- [PROBLEM]: Every entry below is to be copied exactly, with nothing left out.

- [DATA SUPPLIED]:
★ ★ ★
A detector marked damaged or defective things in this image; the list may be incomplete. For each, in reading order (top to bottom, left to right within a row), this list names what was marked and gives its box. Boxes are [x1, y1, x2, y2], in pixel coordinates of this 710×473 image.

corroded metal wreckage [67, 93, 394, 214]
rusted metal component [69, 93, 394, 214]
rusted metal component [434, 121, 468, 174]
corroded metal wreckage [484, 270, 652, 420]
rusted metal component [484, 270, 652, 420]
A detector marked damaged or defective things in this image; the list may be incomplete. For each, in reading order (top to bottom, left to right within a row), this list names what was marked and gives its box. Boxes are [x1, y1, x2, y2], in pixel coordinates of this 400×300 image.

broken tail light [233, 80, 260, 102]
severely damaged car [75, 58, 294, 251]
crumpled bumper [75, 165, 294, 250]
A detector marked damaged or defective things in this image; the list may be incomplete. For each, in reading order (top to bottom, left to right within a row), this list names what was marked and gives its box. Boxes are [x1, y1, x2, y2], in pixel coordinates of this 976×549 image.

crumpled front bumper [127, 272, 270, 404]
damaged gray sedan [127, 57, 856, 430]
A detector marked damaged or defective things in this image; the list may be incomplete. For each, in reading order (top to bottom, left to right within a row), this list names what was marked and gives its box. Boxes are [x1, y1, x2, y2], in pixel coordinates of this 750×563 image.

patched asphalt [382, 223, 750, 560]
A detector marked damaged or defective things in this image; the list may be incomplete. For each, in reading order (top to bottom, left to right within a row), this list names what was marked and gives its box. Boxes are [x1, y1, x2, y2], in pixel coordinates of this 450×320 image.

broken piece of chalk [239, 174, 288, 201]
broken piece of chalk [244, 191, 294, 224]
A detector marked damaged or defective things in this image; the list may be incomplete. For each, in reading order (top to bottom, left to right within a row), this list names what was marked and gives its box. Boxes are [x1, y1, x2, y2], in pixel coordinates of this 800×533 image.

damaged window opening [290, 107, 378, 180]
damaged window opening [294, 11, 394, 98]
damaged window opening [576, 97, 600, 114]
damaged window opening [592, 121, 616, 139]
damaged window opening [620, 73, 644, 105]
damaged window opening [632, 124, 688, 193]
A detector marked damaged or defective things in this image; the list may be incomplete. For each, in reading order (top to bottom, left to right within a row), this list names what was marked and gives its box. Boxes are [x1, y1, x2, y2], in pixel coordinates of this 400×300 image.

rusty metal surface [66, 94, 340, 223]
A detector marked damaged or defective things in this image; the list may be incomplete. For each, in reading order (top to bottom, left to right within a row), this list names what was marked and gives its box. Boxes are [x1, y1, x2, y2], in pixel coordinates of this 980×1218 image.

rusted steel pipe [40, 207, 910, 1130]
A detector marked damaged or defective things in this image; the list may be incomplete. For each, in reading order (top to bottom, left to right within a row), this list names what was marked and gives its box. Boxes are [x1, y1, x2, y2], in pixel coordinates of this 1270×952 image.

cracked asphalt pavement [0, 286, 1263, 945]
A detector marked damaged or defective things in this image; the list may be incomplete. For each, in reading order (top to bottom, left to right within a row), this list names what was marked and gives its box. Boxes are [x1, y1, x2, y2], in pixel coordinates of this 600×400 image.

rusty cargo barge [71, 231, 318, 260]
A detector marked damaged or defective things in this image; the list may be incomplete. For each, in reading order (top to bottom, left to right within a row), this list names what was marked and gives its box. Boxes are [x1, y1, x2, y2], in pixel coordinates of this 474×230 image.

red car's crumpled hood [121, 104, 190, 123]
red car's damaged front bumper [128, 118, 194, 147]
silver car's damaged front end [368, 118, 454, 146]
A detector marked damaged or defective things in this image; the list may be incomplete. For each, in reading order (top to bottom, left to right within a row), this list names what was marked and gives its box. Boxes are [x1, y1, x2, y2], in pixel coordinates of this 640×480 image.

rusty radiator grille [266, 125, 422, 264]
★ ★ ★
- [THE ANSWER]:
A detector marked damaged or defective things in this image; the list may be incomplete. For each, in reading order (top to bottom, left to right within a row), this list names what was marked and gives its box. Boxes are [x1, y1, x2, y2], in pixel coordinates of this 710×473 image.

corroded metal wreckage [67, 93, 394, 214]
rusted metal component [69, 93, 394, 214]
rusted metal component [434, 121, 468, 174]
corroded metal wreckage [484, 270, 652, 420]
rusted metal component [484, 270, 652, 420]
A detector marked damaged or defective things in this image; the list may be incomplete. For each, in reading order (top to bottom, left to right within a row), this list names what was marked and gives its box. Boxes are [x1, y1, x2, y2], in pixel coordinates of this 400×300 image.

broken tail light [233, 80, 260, 102]
severely damaged car [75, 58, 294, 251]
crumpled bumper [75, 165, 294, 250]
A detector marked damaged or defective things in this image; the list may be incomplete. For each, in reading order (top to bottom, left to right within a row), this list names what was marked and gives its box. Boxes are [x1, y1, x2, y2], in pixel coordinates of this 976×549 image.

crumpled front bumper [127, 272, 270, 404]
damaged gray sedan [127, 57, 856, 430]
A detector marked damaged or defective things in this image; the list may be incomplete. For each, in reading order (top to bottom, left to right within a row), this list names what was marked and gives its box. Boxes are [x1, y1, x2, y2], in pixel coordinates of this 750×563 image.

patched asphalt [382, 223, 750, 560]
A detector marked damaged or defective things in this image; the list may be incomplete. For each, in reading order (top to bottom, left to right within a row), this list names what was marked and gives its box. Boxes are [x1, y1, x2, y2], in pixel coordinates of this 450×320 image.

broken piece of chalk [239, 174, 288, 201]
broken piece of chalk [244, 191, 294, 224]
A detector marked damaged or defective things in this image; the list may be incomplete. For each, in reading order (top to bottom, left to right within a row), this list names what was marked and gives its box. Boxes are [x1, y1, x2, y2], in pixel coordinates of this 800×533 image.

damaged window opening [290, 107, 378, 180]
damaged window opening [294, 11, 394, 98]
damaged window opening [576, 97, 600, 114]
damaged window opening [592, 121, 616, 139]
damaged window opening [620, 73, 644, 105]
damaged window opening [632, 124, 688, 193]
A detector marked damaged or defective things in this image; the list may be incomplete. For each, in reading order (top to bottom, left to right within a row), this list names what was marked and gives its box. Boxes are [x1, y1, x2, y2], in pixel coordinates of this 400×300 image.

rusty metal surface [66, 94, 340, 223]
A detector marked damaged or defective things in this image; the list may be incomplete. For each, in reading order (top to bottom, left to right within a row), this list names what was marked and gives its box. Boxes are [x1, y1, x2, y2], in pixel coordinates of this 980×1218 image.

rusted steel pipe [40, 207, 910, 1130]
A detector marked damaged or defective things in this image; the list may be incomplete. For each, in reading order (top to bottom, left to right within a row), this list names what was marked and gives its box. Boxes are [x1, y1, x2, y2], in pixel coordinates of this 1270×952 image.

cracked asphalt pavement [0, 286, 1263, 945]
A detector marked damaged or defective things in this image; the list may be incomplete. For each, in reading order (top to bottom, left to right within a row), this list names what was marked and gives its box. Boxes are [x1, y1, x2, y2], in pixel coordinates of this 600×400 image.

rusty cargo barge [71, 231, 318, 260]
A detector marked damaged or defective things in this image; the list may be incomplete. For each, in reading order (top to bottom, left to right within a row), this list names what was marked and gives its box. Boxes are [x1, y1, x2, y2], in pixel coordinates of this 474×230 image.

red car's crumpled hood [121, 104, 190, 123]
red car's damaged front bumper [128, 118, 194, 147]
silver car's damaged front end [368, 118, 454, 146]
A detector marked damaged or defective things in this image; the list may be incomplete. For each, in reading order (top to bottom, left to right within a row), this list names what was marked and gives its box. Boxes are [x1, y1, x2, y2], in pixel coordinates of this 640×480 image.

rusty radiator grille [266, 125, 422, 264]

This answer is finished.